Citizens for a Working America PAC, a political organization that's spent $250,000 to oppose the reelection of Rep. John Spratt, D-S.C., discloses its contributions to the Federal Election Commission. Its contributor (it has only one) is New Models, a Virginia-based non-profit organized under section 501(c)4 of the Internal Revenue Code, that doesn't disclose its donors.
Call it another wrinkle in the wide open world of 2010 money in politics: Disclosed donors can be anonymous too.
Citizens for a Working America PAC filed a statement of organization with the FEC on Sept. 2, 2010; about a month and a half later, they disclosed a $255,000 contribution from New Models, which describes itself as,
"…a 501c4 organization that seeks to identify the issues of the day, what messages if any the American people are hearing on those issues, ways in which issues impact views about lawmakers and policy, and what communications are most effective on key issues. New Models participates in public awareness of issues that are important to our right of center beliefs. [. . .] New Models does not advocate the election or defeat of any candidate."
According to records kept by the Virginia Secretary of State, the president and treasurer of New Models is Tim Crawford. According to reports published earlier this year, Crawford was also involved in a shadowy political advertising campaign in Ohio. His firm was the sole funder of a $1.5 million anti-slot machine campaign. People involved in the case in Ohio charged that New Models was a front organization bankrolling the political agendas of certain powerful players.

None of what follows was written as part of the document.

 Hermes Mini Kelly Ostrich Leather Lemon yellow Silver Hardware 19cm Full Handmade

Crawford is also listed as the treasurer of Sarah Palin’s Political Action Committee, SarahPAC. According to the Center for Responsive Politics, SarahPAC made a $3,500 contribution to Republican candidate Mick Mulvaney–who's running against Spratt in South Carolina.
Including Citizens for a Working America PAC, Spratt has been targeted by seven outside groups. Club for Growth, an organization that's supported Tea Party candidates, has spent $209,000 opposing the South Carolinian Democrat. According to TransparencyData.com, the group has also contributed $1,000.00 to Mulvaney.

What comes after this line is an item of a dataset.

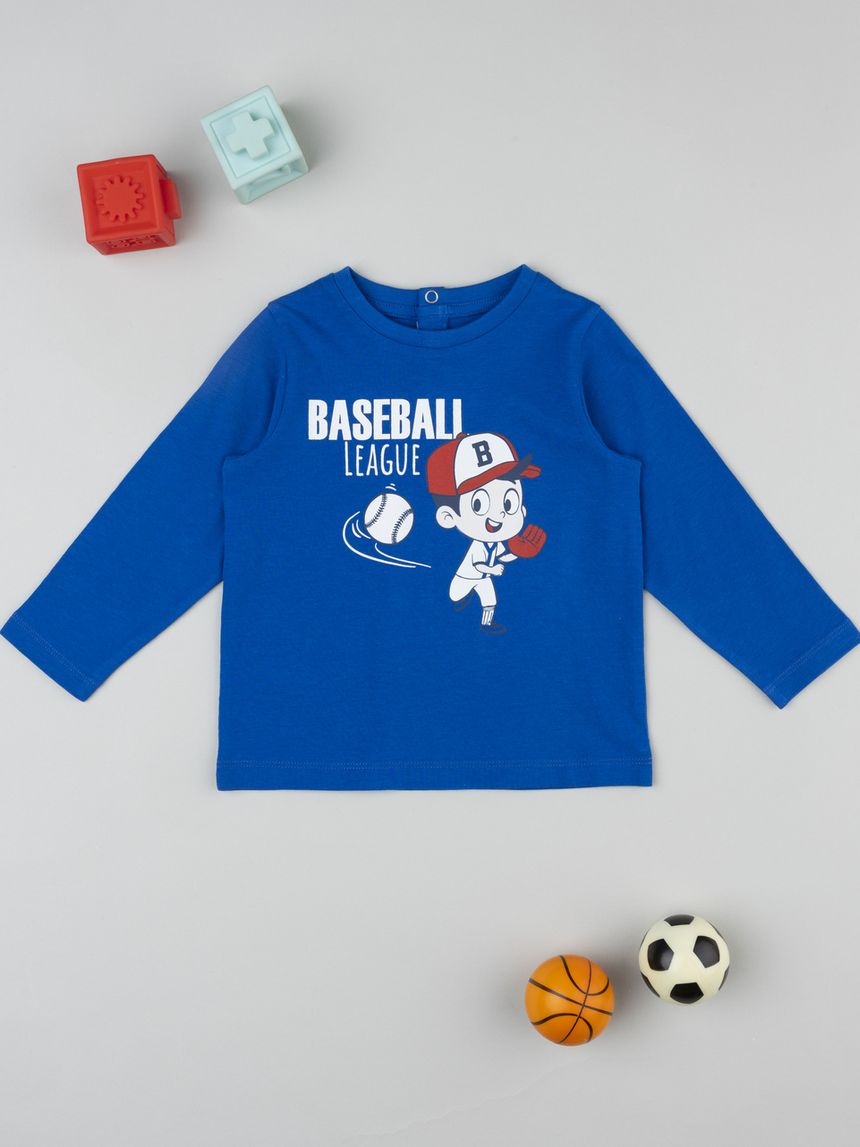 βρεφική μπλούζα μπλε baseball για αγόρι - Prénatal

Mulvaney is also a recipient of $2,000 from Sen. Jim DeMint, R-S.C., who has supported Tea Party-backed candidates.
Sen. DeMint has not only contributed to help Mulvaney win along with Club for Growth and SarahPAC, but has received money for his own campaign from those groups as well. Club for Growth is DeMint’s top contributor giving him almost $150,000 since 2005. He's received $2,500 from SarahPAC.
To date, $1.6 million has been spent to oppose Spratt’s bid for re-election. Citizens for a Working America has spent $250,000.
Representative Spratt is just one of the 407 political hopefuls across the country who have had outside money affect their chances of winning a seat in one of the 472 political offices available. Last week, outside spending to influence political campaigns officially exceeded the $200 million mark. Also, according to analysis by the Sunlight Foundation, outside groups are spending more money this election cycle than political committees such as Democratic Congressional Campaign Committee (DCCC) and the National Republican Congressional Committee (RNCC). The change is a dramatic shift compared to elections past.